Reportage Wer jongliert, trainiert Körper und Geist

Mettmann · Der SV Hilden-Ost und der Mitmachzirkus Hilden bieten Artisten in spe ein Schnuppertraining an. Kommen können alle Neugierigen ab fünf Jahre - nach oben gibt es keine Grenzen. Und in der Übungsstunde vergeht die Zeit wie im Flug.

 Hochkonzentriert: Die sechsjährige Helena versucht, mit den Tücher-Pois zu jonglieren.

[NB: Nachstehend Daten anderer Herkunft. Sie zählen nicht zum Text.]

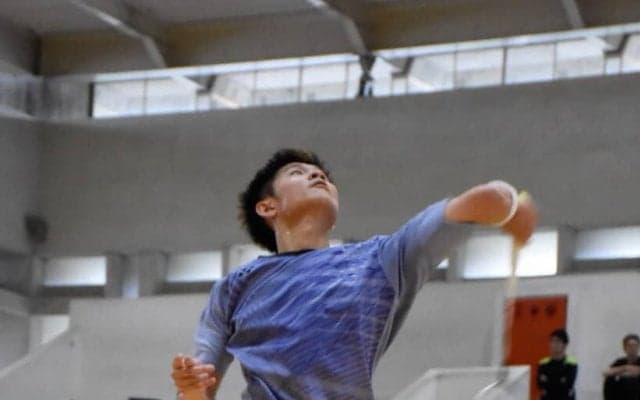 【バドミントン部】 戸内が準決勝に進出！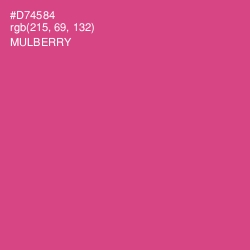 #D74584 - Mulberry Color Image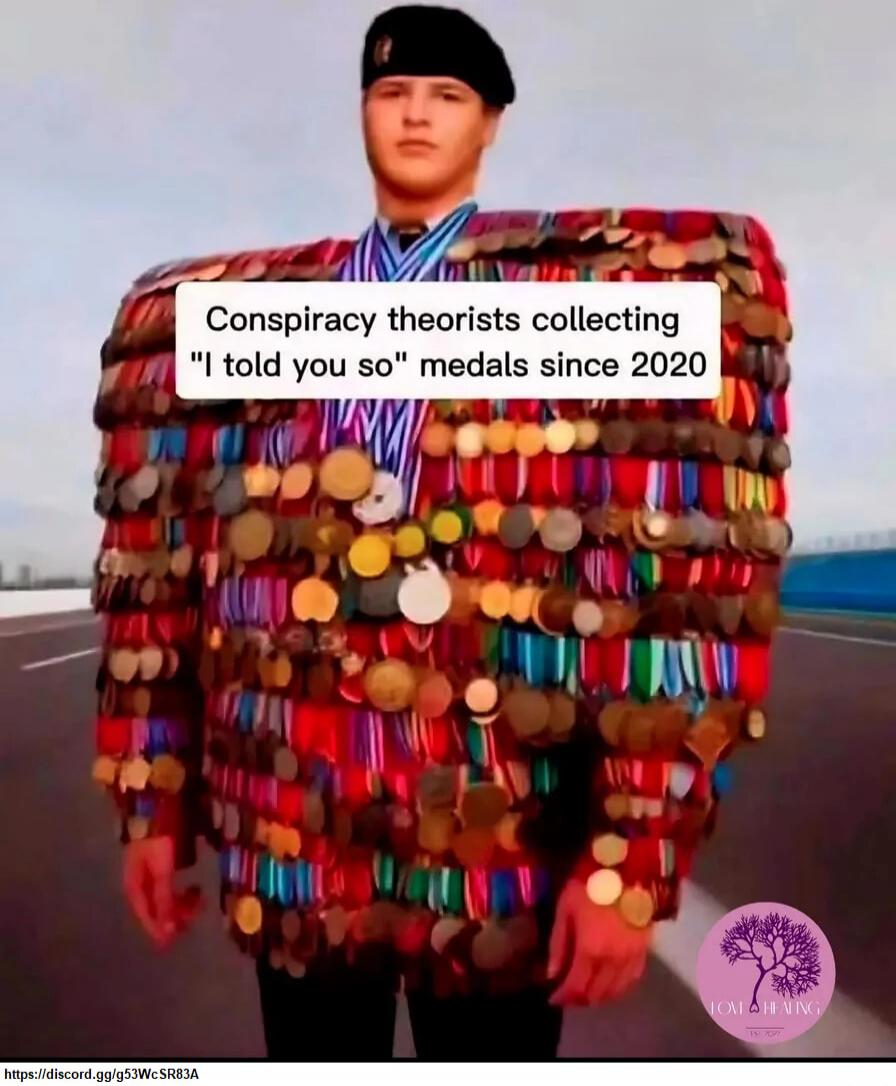 Conspiracy theorists collecting 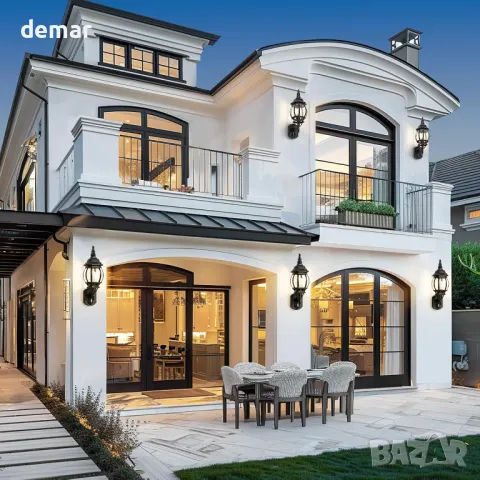 Външна стенна лампа Lamomo, голям сензор за движение, захранвана от мрежата, водоустойчива, 48 см, снимка 8 - Външни лампи - 47420021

Hochkonzentriert: Die sechsjährige Helena versucht, mit den Tücher-Pois zu jonglieren.

Foto: Olaf Staschik

HILDEN Jochen will endlich etwas zum Schutz von Mandarinen tun. Der 72-Jährige im Trainingsanzug lächelt: "Seit meiner Kindheit möchte auch ich das Jonglieren erlernen, jetzt bin ich sicher, dass es klappt." Bei den bisher ergebnislosen Versuchen im Alleingang zerplatzten unzählige, in die Luft geworfene Mandarinen und Klementinen am Boden, ohne dass Jochen seinem Ziel auch nur einen Millimeter näher gekommen wäre. Aber nun steht Übungsleiterin Chiara Heyn vor ihm und erklärt das Grundprinzip: "Stell Dir ein Rechteck vor. Und dann wirfst Du die Bälle in die obere Ecke, die der Wurfhand gegenüber liegt." Schon klappt das ein, zwei - nein nicht drei Mal, weil ein Ball zu Boden fällt. Aber Jochen hat die Anleitung verstanden und will es schaffen. Also: noch einmal . . .

Aufwärmphase: 18 Menschen stehen in der Sporthalle Kalstert im Kreis und lassen einen Ball auf einem bunten Tuch kreisen. Christian Meyn-Schwarze freut sich über den Zuspruch: "In welchem Sportverein gibt es das schon, dass drei Generationen zusammen trainieren und etwas erreichen wollen?" Der Direktor des Mobilen Mitmachzirkus Hilden und der SV Hilden-Ost haben zu Jahresbeginn ein außerordentliches Experiment gestartet: An vier Januar-Donnerstagen verwandelt sich die Turnhalle in eine Manege. Falls am Ende des Monats mindestens zehn begeisterte Artisten übrig bleiben, will der SV eine eigene Zirkusabteilung eröffnen. "Das wäre toll", sagt die achtjährige Moana, die mit Ballett und Judo als quirliges Bewegungstalent eigentlich schon ausgelastet ist. Aber der Traum, eine Artistin unter einer echten Zirkuskuppel zu sein, ist doch zu verlockend . . .

Zudem ist Christian Meyn-Schwarze Moanas "Leih-Opa" und nennt ganz handfeste Gründe für seine zirzensische Begeisterung: "Wir trainieren hier Körper und Kopf. Und zwar beide Hirnhälften." Köpergefühl, Koordination und ein gutes Auge - was Zirkusleute täglich trainieren, hält neben den Muskeln auch die kleinen grauen Zellen fit. Aus einer damals bei Männern noch seltenen eigenen Elternzeit heraus hat sich Meyn-Schwarze seinen eigenen Lebenstraum erfüllt: "Ich darf seit 25 Jahren spielen."

Dementsprechend entspannt verfolgt er, wie die Jongleure in spe versuchen, mit den "Devil Sticks" - den Teufelsstöcken - klarzukommen. Mit der Hilfe von zwei übergroßen chinesischen Essstäbchen soll ein weiterer Stab in Bewegung gehalten werden, ohne dass er runterfällt. Immer zwei Übende arbeiten zusammen. Doro (56) kommt mit der Stäbchen-Nummer nicht zurecht. "Du musst es viel langsamer machen", rät Meyn-Schwarze, "dann hast Du eine Kontrolle über das, was da vor Dir passiert." Er macht es vor, Doro folgt und versteht.

Als die 45-minütige Übungseinheit wenig später offiziell zu Ende geht, machen alle Teilnehmerinnen und Teilnehmer ein enttäuschtes Gesicht. "Aber gerade hatte ich doch . . .", "Ich wollte noch . . " Also gibt es noch einen kleinen Nachschlag - gegen ein Versprechen: "Kommt ihr am nächsten Donnerstag wieder?", will Meyn-Schwarze wissen. Auf die Frage hat niemand mit "Nein" geantwortet.